The original Jonckheere Aerodynamic Coupe was built by Belgium by Henri Jonckheere and his son Joseph Jonckheere in 1935. Starting from a 1925 Rolls-Royce Phantom I they added a streamlined coachwork with twin sunroofs.
After years spent in Europe, US East Coast and Japan, the so-called “Rounded Door” Rolls-Royce came into the possession of the Los Angeles-based Peterson Automotive Museum in the spring of 2001.
As Ugur Sahin explains, “The main goal of this design was to respectfully reinterpret the original Rolls-Royce Jonckheere Aerodynamic Coupe I, which was built in Belgium by Henri Jonckheere and his son Joseph Jonckheere in 1935.
Unfortunately the “Jonckheere Works” was destroyed during WW2 and no records survived, so whoever commissioned or designed the original car remains a mystery.
They were well known throughout Europe for making bodies on both cars and busses. The later of which is still in production today as VDL Jonckheere.
UgurSahinDesign was assigned by VDL Jonckheere to honor its coachbuilding history through a reinterpretation of the original car.
He explains: “For us, the original car represents the timeless aspects of automotive art and its impact it can have on a person even after 77 years. The new design was carefully put together with a very crucial thing in mind; “Respect”.”

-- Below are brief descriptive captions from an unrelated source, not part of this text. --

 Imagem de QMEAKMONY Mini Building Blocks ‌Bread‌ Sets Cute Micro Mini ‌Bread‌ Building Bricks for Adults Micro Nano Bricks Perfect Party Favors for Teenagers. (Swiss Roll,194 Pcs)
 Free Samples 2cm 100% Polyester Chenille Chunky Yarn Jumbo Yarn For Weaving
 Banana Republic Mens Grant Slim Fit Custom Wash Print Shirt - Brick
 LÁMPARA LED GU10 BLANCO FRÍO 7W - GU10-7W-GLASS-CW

“It is challenging to reinterpret something from that past which has a very imposing and impressive character like the original car, into a modern shape without losing its core essence.”

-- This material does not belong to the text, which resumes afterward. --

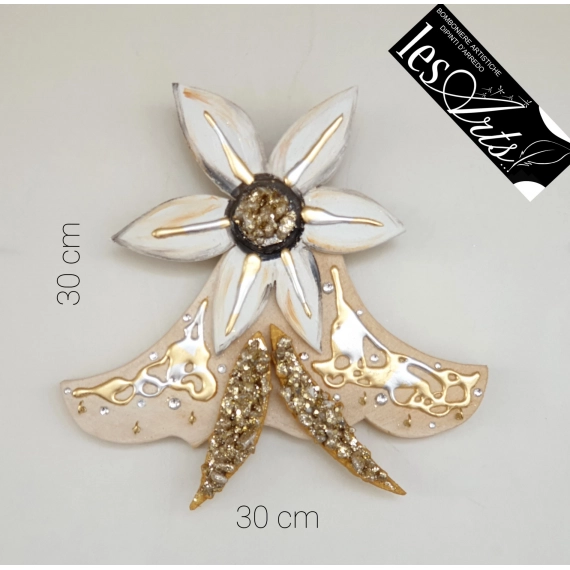 Appendichiavi oro fiore bianco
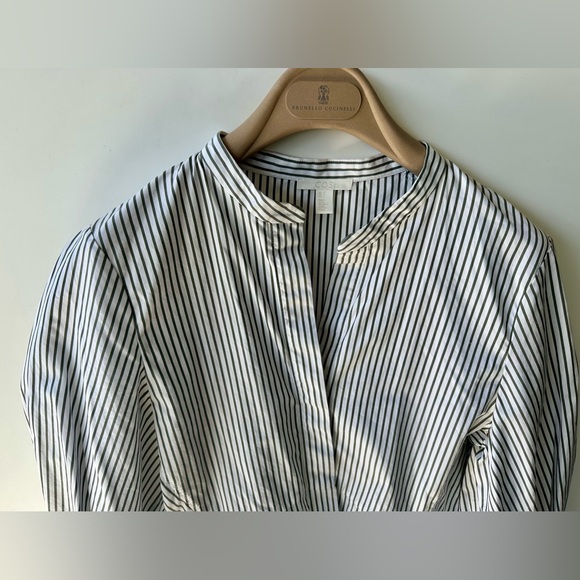 EUC COS Balloon Puffy Sleeve Striped Black & White Cotton Blouse, fitted, size 4 - Picture 2 of 10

“Many things like the proportions and lines, the impression some shapes give, are very essential to re-capture in the new design.”
“While keeping the past DNA, injecting modern design elements which are in coherence with the past, is always a challenging task for every designer.”
“It was important to avoid creating a design which is too modern by changing the original proportions too much, while still adding and changing elements in a certain way to avoid creating an outdated impression.”
“With these things in mind, we set out to design a car that reflects a complex character which impresses its surroundings without having to depend on too complicated elements and unnecessary additions.
“In some way this certain quality might reflect its owner as well.”
“The front of the car is one of the most impressive parts with a colossal grill that pays its respect to Rolls-Royce history and the original car while the round doors are a tribute to the original design which has made the car unique since its build in 1935, for some it is known as ‘The Round Door Rolls-Royce'”
“The rear of the car has the same bold styling with subtle details which do not disrupt the main proportions and the stance of the car.”
Speaking about potential developments, Ugur Sahin explains “Currently we are negotiating with potential investors and parties who are interested to become involved in the project in order to build an exclusive “One-Off” car which is destined to give its owner the ultimate feeling of luxury.”